Raisonner l’équilibre agroécologique à l’échelle du paysage
Jean-Christophe Legendre a exhorté les producteurs à dépasser une approche par culture ou à la parcelle pour intégrer les caractéristiques et la biodiversité fonctionnelle du paysage environnant. On entend par là une biodiversité ayant un impact positif sur les plans écologique, économique et social, en contribuant à l’équilibre agroécologique de la production. Un paysage diversifié réduit l’usage des pesticides, en diminuant la pression des ravageurs et maladies.
Favoriser la biodiversité fonctionnelle passe par l’installation d’infrastructures agroécologiques (IAE) : haies composites, bandes fleuries ou enherbées, plantes de services, abris, refuges, nichoirs… sur plus de 5 % de la SAU et 20 % des espaces semi-naturels. Mais cela passe également par l’organisation, l’association et la rotation des espèces, ainsi que la modification des pratiques culturales : cultivars moins sensibles, utilisation de plantes de services, techniques de taille, fertilisation moins azotée, arrêt du travail du sol et réduction de l’usage des pesticides.
Pour constituer un environnement et des communautés d’ennemis naturels efficaces, il faut bien connaître les espèces ciblées, afin de créer des habitats adaptés. Jean-Christophe Legendre fait les recommandations suivantes :
- observer, maintenir et enrichir la végétation spontanée dans les zones qui ne sont pas cultivées ;
- sauvegarder des zones refuges non traitées et non tondues pour la faune tout comme la flore (30 % de zones herbacées pour l’hiver) ;
- faucher (au moins 15 cm de hauteur) plutôt que tondre ou broyer. Utiliser les déchets de coupe (paillages, compost, enfouissage ou BRF) ou laisser le mulch ;
- protéger les fossés, mares et zones humides en procédant à une fauche tardive en mosaïque par segment à plus de cinq mètres de la rive, en laissant un tiers en zone refuge ;
-envisager le pâturage ;
- préserver haies, lisières de bois, zones sauvages, bouts de parcelles, avec un entretien hivernal, mais aussi des zones de pierres, troncs d’arbres et arbres morts ;
- sensibiliser et informer les parties prenantes sur l’intérêt de préserver la faune et la flore locales, en réponse à des enjeux écologiques, mais aussi de santé aussi bien physique que psychologique.

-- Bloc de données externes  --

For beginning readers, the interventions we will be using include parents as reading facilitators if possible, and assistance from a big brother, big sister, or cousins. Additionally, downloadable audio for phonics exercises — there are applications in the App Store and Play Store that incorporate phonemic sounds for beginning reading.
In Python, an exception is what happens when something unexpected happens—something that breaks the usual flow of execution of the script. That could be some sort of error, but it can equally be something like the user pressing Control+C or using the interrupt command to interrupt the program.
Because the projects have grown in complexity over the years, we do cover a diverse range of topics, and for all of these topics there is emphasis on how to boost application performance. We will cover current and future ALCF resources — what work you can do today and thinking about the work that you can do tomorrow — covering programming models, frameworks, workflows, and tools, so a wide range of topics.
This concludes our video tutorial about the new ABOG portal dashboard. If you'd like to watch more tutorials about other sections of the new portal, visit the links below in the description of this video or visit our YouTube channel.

L’efficacité des haies dépend de leurs caractéristiques biologiques (pas de haies monospécifiques) et physiques (hauteur, épaisseur, orientation, perméabilité). Il faut éviter les espèces trop sensibles aux maladies, exotiques ou envahissantes, et bien anticiper le mode de taille.
Utiliser des plantes de services
Les plantes de services, essentiellement fleuries, constituent un second levier de protection, avec des fonctions variées :
- attirer et maintenir les auxiliaires grâce aux plantes attractives ;
- attirer les ravageurs par des plantes indicatrices ou des plantes pièges ;
- repousser les ravageurs en installant des plantes répulsives.

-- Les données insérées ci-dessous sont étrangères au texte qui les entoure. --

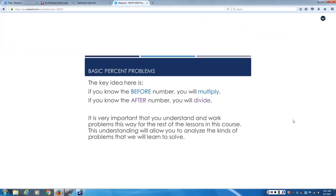This is the last point in the lesson. The key idea here is, as we said before, if you know the before number, you will multiply. If you know the after number, you will divide. Get that pattern. You need that pattern. It's important that you understand and work the problems the way that I showed you today for the rest of the lessons in this course. That understanding is going to carry you through this whole course. This part, I really expect you to struggle a little bit.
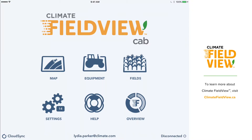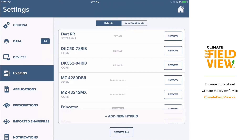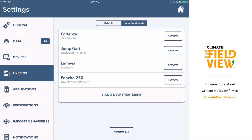To begin, select Settings from the CabApp home screen, then select Hybrids on the left-hand side and Seed Treatments across the top of the screen.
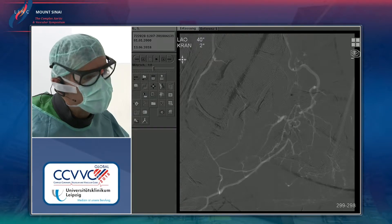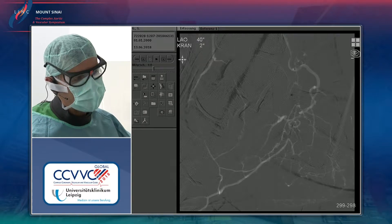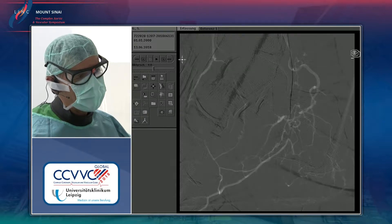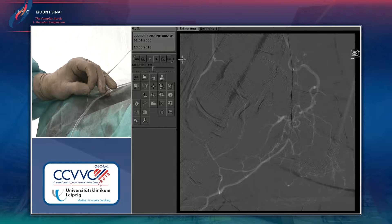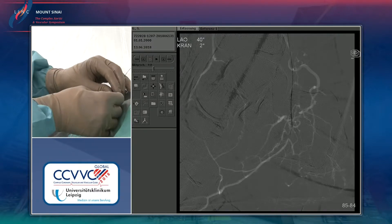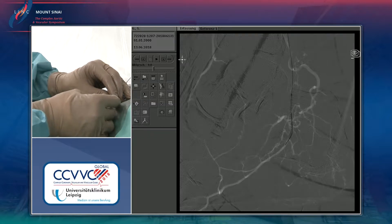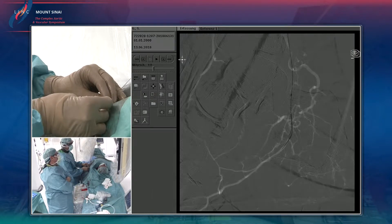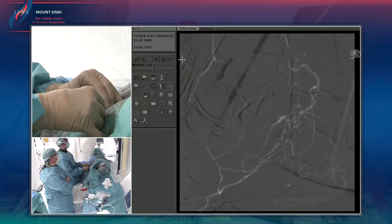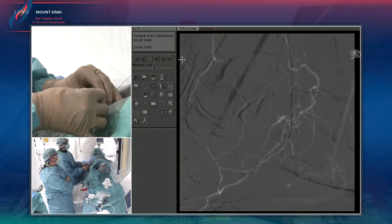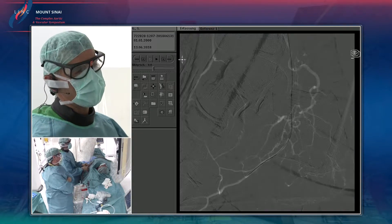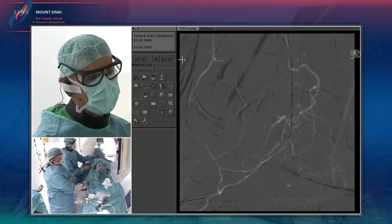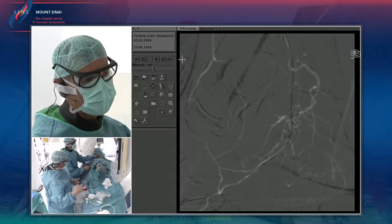A two-centimeter-long coronary balloon — a 2.2 Mini-Track — has been loaded, with the wire tip at the distal end of the balloon. The wire is now in position. The question now is whether to go through the foot loop and treat the anterior tibial artery, or whether it is sufficient to just balloon the plantar branch here.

Dans le premier cas, les espèces doivent offrir un habitat et des sources de nourriture accessibles (nectar, pollen, proies), avoir une attractivité visuelle et olfactive, ainsi qu’une période de floraison similaire à celle des auxiliaires. Tous les mélanges fleuris ne se valent pas, certains pouvant devenir des réservoirs à ravageurs, d’où l’importance de bien adapter les plantes de services aux auxiliaires ciblés (voir quelques exemples dans le tableau ci-dessus).
D’autres associations ont démontré leur efficacité : Bergenia contre otiorhynque sur Photinia, heuchère contre Duponchelia sur cyclamen, aubergines contre aleurodes sur Poinsettia. En pépinière, des résultats positifs ont été obtenus contre thrips et pucerons, avec sorbaire (Sorbaria sorbifolia) en culture de rosiers et potentille en culture d’arbustes.

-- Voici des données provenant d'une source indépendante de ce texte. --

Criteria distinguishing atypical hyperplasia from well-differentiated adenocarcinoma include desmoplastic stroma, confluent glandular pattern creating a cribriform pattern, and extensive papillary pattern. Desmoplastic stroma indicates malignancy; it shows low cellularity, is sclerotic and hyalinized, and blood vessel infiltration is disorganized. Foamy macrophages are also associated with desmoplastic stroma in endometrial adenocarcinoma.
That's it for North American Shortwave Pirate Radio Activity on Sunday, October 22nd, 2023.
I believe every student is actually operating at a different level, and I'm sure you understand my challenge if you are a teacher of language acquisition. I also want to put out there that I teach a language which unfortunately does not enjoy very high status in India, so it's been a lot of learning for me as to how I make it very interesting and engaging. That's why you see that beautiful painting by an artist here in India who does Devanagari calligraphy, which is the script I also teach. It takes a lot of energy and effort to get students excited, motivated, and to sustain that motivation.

Les plantes de services doivent être disposées au sein de la culture (bandes ou patch) et représenter 5 à 10 % de la surface. Il est important de les entretenir et de détruire celles qui ont un niveau d’infestation élevé, avant que les ravageurs ne se rabattent sur les cultures.
Parallèlement, le producteur peut recourir à plusieurs outils complémentaires, au plan physique (barrières, piégeage), chimique (médiateurs, substances naturelles) ou biologique (macro- et micro-organismes).
La protection biologique intégrée ainsi que la biodiversité fonctionnelle exigent une approche globale de conduite agroécologique des cultures, qui remet l’agronomie au cœur des pratiques et constitue une chance face aux perspectives d’impasses phytosanitaires. Il est impératif d’adopter un autre regard sur les risques, en définissant des seuils d’équilibre et de nuisibilité.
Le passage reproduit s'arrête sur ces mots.